In einer einfachen, unkomplizierten Sprache beschreibt Simenon mit reichlich psychologischem Tiefsinn die Alltagswelt der kleinen Leute. So auch hier: „Wellenschlag“  ist mit seinen 163 Seiten als Bettlektüre an einigen Abenden flüssig zu lesen – oder wie bei mir während der Busfahrt.

Die Geschichte ist eine unglaubliche Tragödie. Jean ist Waisenkind und lebt bei seinen beiden Tanten auf dem Gut Wellenschlag in Marsilly in der Nähe von La Rochelle an der französischen Atlantikküste. Jean hat Marthe, seine Freundin, geschwängert. Eigenmächtig veranlassen seine beiden Tanten, dass Marthe abtreibt, ohne dass Jean bzw. ihr Vater davon etwas wissen. Nach der Abtreibung kommt es zu Komplikationen, und eigentlich könnte nur eine Totaloperation helfen, die 10.000 Francs kostet und für die das Geld fehlt. Marthes Blutungen werden immer schlimmer, so dass sie schließlich stirbt. Zuvor hatte Jean Marthe geheiratet.

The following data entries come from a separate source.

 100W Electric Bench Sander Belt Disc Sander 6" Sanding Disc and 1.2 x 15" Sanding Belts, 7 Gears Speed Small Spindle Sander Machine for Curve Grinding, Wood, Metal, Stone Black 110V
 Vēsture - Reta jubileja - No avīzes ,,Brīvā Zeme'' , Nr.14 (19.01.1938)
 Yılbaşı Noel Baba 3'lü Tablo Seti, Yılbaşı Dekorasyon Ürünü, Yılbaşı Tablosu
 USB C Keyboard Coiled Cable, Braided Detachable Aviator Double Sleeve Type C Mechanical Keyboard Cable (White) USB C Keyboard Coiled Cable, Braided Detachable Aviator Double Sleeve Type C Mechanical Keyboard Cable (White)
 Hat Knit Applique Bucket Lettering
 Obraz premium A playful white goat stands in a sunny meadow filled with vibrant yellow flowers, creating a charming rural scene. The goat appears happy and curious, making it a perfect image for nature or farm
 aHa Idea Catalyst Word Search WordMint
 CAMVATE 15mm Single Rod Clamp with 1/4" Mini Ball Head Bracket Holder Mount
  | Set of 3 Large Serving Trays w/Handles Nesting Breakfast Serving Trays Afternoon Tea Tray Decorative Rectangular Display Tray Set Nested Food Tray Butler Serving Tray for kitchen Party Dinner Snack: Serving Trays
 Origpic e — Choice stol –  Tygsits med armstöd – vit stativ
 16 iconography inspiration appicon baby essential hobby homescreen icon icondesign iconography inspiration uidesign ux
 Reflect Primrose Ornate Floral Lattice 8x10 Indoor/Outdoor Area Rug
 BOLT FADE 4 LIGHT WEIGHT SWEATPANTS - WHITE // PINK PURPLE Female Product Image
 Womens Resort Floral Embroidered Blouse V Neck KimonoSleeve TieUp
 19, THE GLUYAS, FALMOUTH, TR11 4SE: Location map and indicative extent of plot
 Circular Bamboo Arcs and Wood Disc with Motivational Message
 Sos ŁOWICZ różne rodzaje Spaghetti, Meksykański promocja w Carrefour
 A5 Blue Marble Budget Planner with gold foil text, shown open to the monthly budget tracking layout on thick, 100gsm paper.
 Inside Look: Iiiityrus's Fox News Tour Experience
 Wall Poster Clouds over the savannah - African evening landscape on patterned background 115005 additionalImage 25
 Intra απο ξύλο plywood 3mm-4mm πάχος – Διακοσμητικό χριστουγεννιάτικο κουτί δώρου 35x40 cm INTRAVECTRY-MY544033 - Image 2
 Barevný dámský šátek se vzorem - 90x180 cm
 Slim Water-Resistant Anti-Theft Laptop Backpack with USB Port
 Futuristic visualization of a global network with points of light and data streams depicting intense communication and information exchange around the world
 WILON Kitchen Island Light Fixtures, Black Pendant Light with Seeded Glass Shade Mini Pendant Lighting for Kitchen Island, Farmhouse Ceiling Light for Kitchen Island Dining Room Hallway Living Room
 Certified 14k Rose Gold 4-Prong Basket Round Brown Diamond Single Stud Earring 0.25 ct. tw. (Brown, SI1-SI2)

Der Roman spielt 1938 in einer Steinzeit der Telekommunikation, ohne größeres Telefonnetz, ohne Mobilkfunkkommunikation, ohne Internet oder e-Mail-Verkehr.

Was Marthes Tod betrifft, hätten auch aus heutiger Sicht Krankenkassen in einem solchen Fall die Kosten für eine Totaloperation nicht übernommen.

In dieser Steinzeit der Telekommunikation werden Informationen weitestgehend im Café de la Poste in Marsilly ausgetauscht. Dort finden sich Charaktertypen mit allen Haken und Ösen: Jeans Schwiegervater Sarlat, der Schulden hat; Justin, der wegen diverser Liebschaften als Bürgermeister nicht wiedergewählt worden ist; der Elsässer Kraut, der sich als Gelegenheitsarbeiter durchschlägt und außer Essen und Trinken keinerlei anderen Aktivitäten nachgeht; Jourin, der nach Belieben fremdgeht und dennoch verheiratet ist. Dazu kommen Metzger, Maurer, Hufschmied, Lehrer, also alles, was sich so im Dorf herumtreibt. Dementsprechend stark wird das Café frequentiert, wobei jede Menge gesoffen wird, Karten gespielt wird und endlos über Politik herum palavert wird.

Das ist eine Welt, in die Jean nicht hineinfindet, weil er mit solchen derben Charaktertypen nicht umgehen kann. Anstatt dessen ist er in seinem Alltag gefangen, der auf Gut Wellenschlag stattfindet. Jeden Tag erntet er von morgens früh bis abends spät Austern, indem er bei einem niedrigen Gezeitenstand während der Ebbe die Austern mit Netzen aus dem Meer fischt. Umspült von Wassermassen, werden Karren durch Matsch und Schlick gezogen, was eine fürchterliche Knochenarbeit ist.

Seine beiden Tanten haben ein Netz um ihn gesponnen, dem er letztlich nicht entweichen kann. Ihr Immobilienbesitz ist groß, denn außer dem Gut Wellenschlag, welche 30 ha groß ist, besitzen sie noch zwei Mietshäuser. Sämtliche Gebäudeinfrastruktur und den Fuhrpark stellen sie zur Verfügung. Marthe lebt bei den beiden Tanten, die täglich die beiden bekochen und sich um Marthes schlechter werdende Gesundheit kümmern.

Sein Schwiegervater Sarlat öffnet ihm im Café de la Poste die Augen, indem er die beiden Tanten als „Drachen“ bezeichnet. Doch Jean kann damit nicht umgehen, er will Sarlat verprügeln und wird prompt aus dem Café geschmissen. Anstatt dessen arrangiert er sich mit seinen Tanten und lässt sie weiter gewähren.

Als seine Frau stirbt, trauert Jean nur für eine kurze Zeit. Er lebt bei seinen Tanten in seiner engstirnigen Welt weiter und fühlt sich fortan nicht als Witwer, sondern wird als Junggeselle alt.